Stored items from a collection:
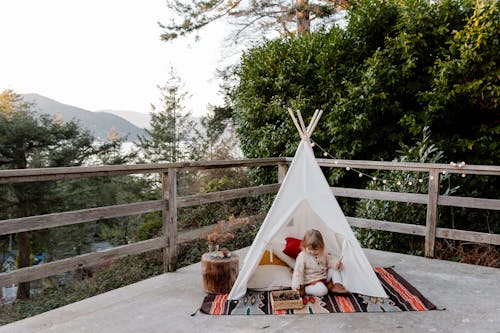 Adorable little kid sitting on rug in wigwam located on terrace with wooden border and scenic view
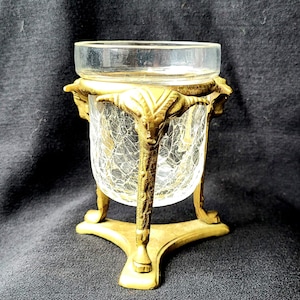 Puede incluir: Un candelero de metal dorado con un portavelas de vidrio transparente. El candelero tiene un diseño decorativo con tres patas y una parte superior redonda. El portavelas de vidrio tiene un acabado craquelado.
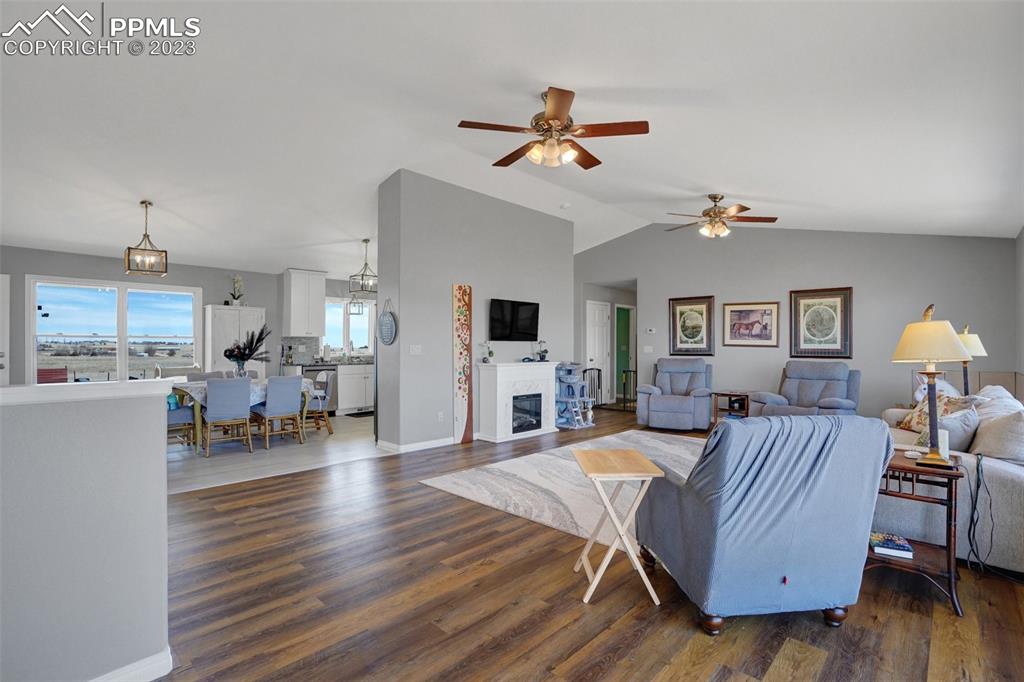 3805 Curtis Road Peyton, CO 80831 - Photo 10 of 48 a living room with furniture and a wooden floor
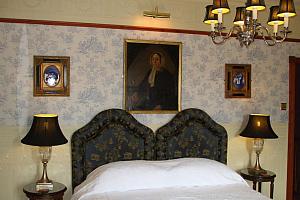 Bedroom with paintings, chandalier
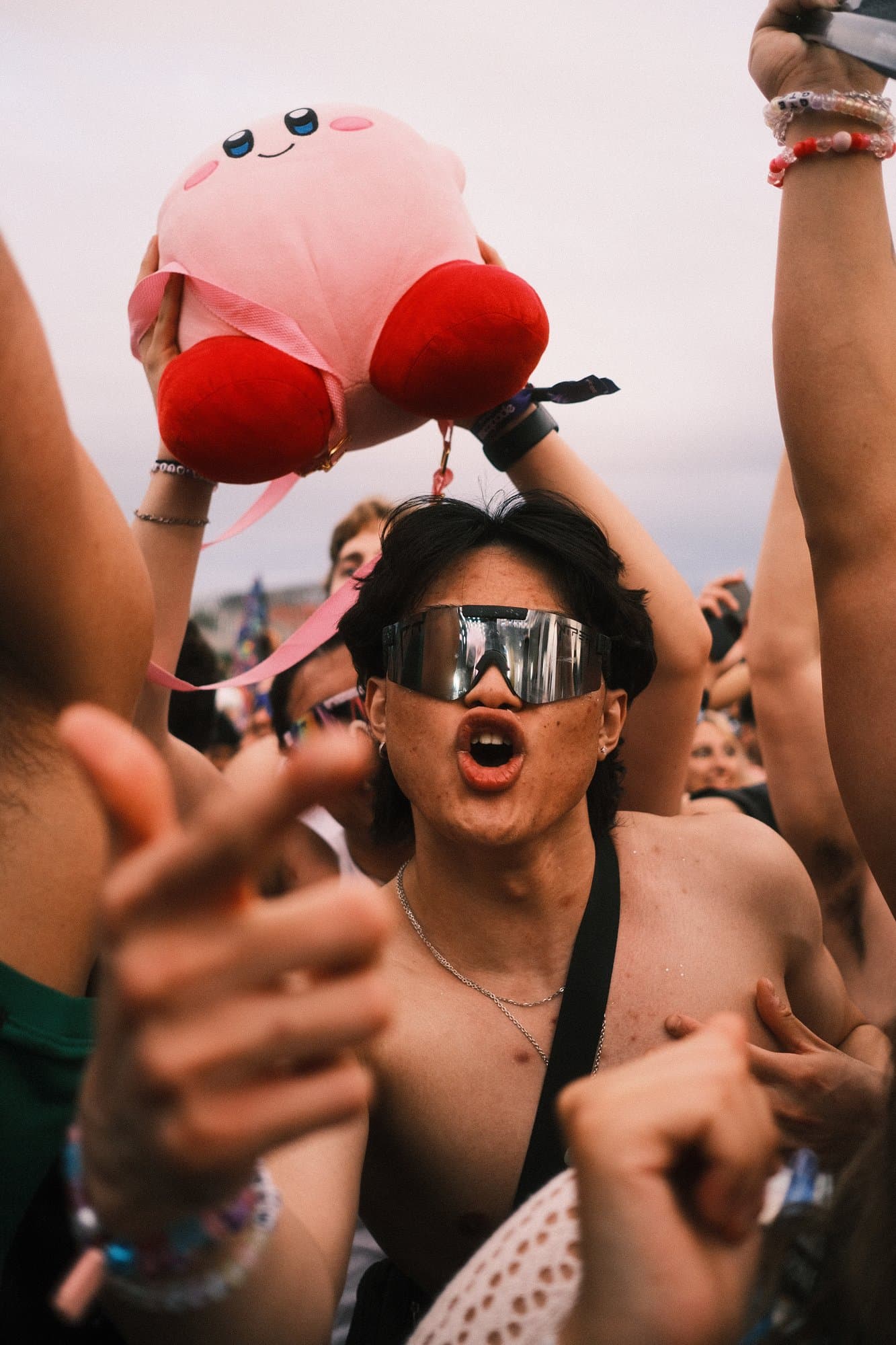 A festival-goer holding up a Kirby plush, mirrored sunglasses reflecting the crowd
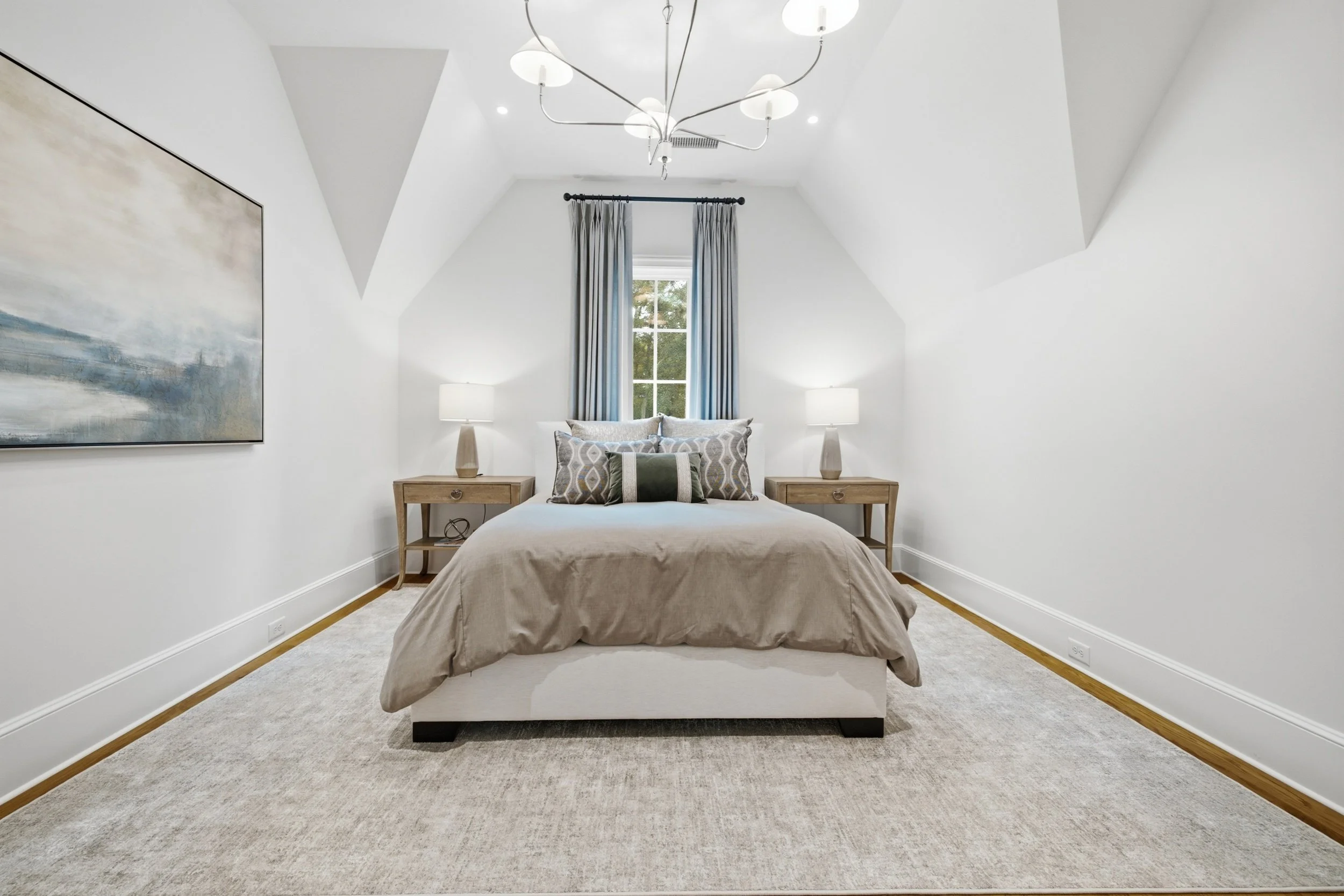 A bedroom with a large window, a bed with beige bedding and multiple pillows, two wooden nightstands with lamps, an abstract painting on the wall, ceiling lights, and gray curtains.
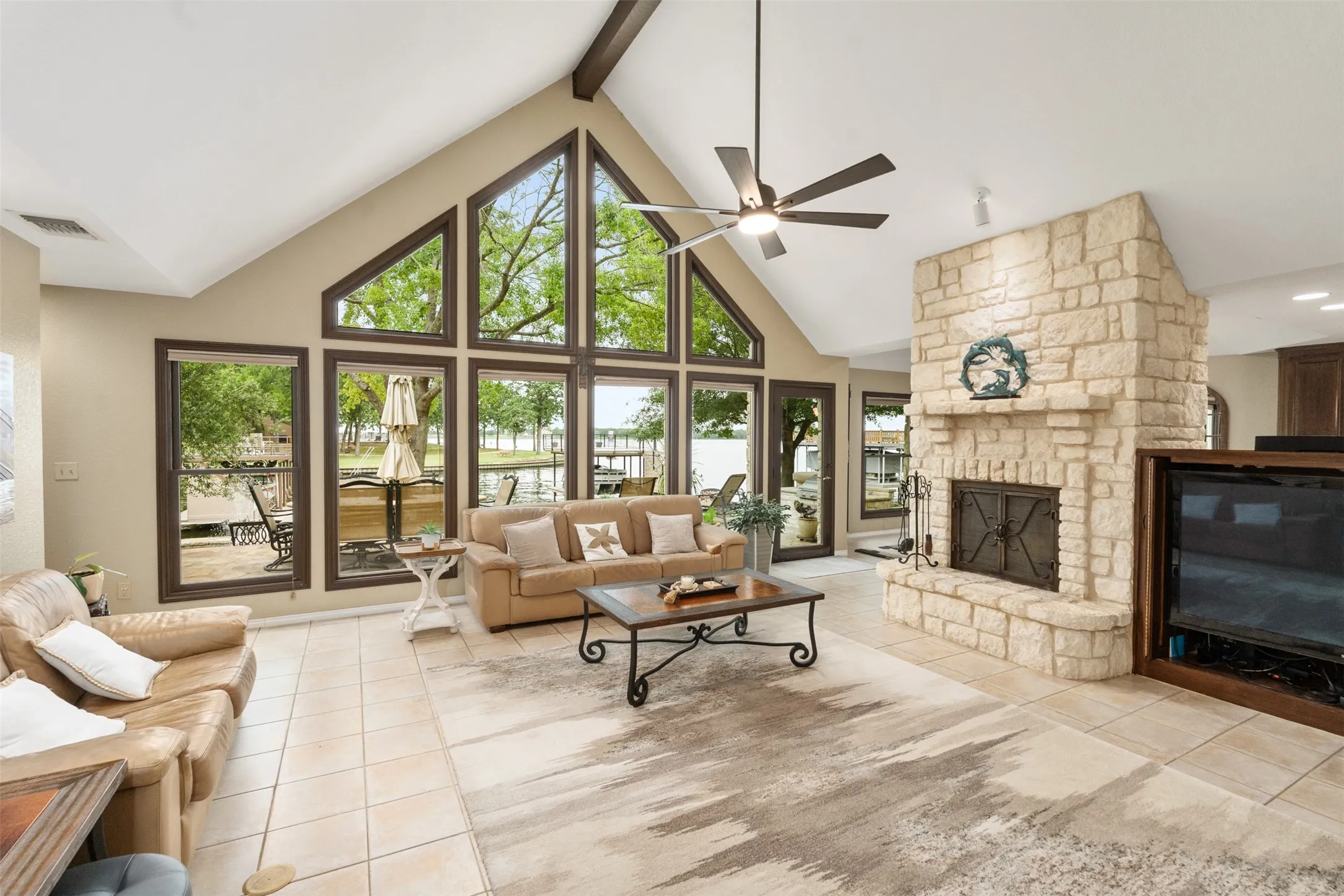 Vaulted ceiling living area featuring a stone fireplace, ceramic tile flooring, ceiling fan, and extensive picture windows offering waterfront views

Exercise goal: From the line containing "A festival-goer holding" through the last line of the records above, reproduce every line exactly, leaving out the pictures.

Task answer:
 A festival-goer holding up a Kirby plush, mirrored sunglasses reflecting the crowd
 A bedroom with a large window, a bed with beige bedding and multiple pillows, two wooden nightstands with lamps, an abstract painting on the wall, ceiling lights, and gray curtains.
 Vaulted ceiling living area featuring a stone fireplace, ceramic tile flooring, ceiling fan, and extensive picture windows offering waterfront views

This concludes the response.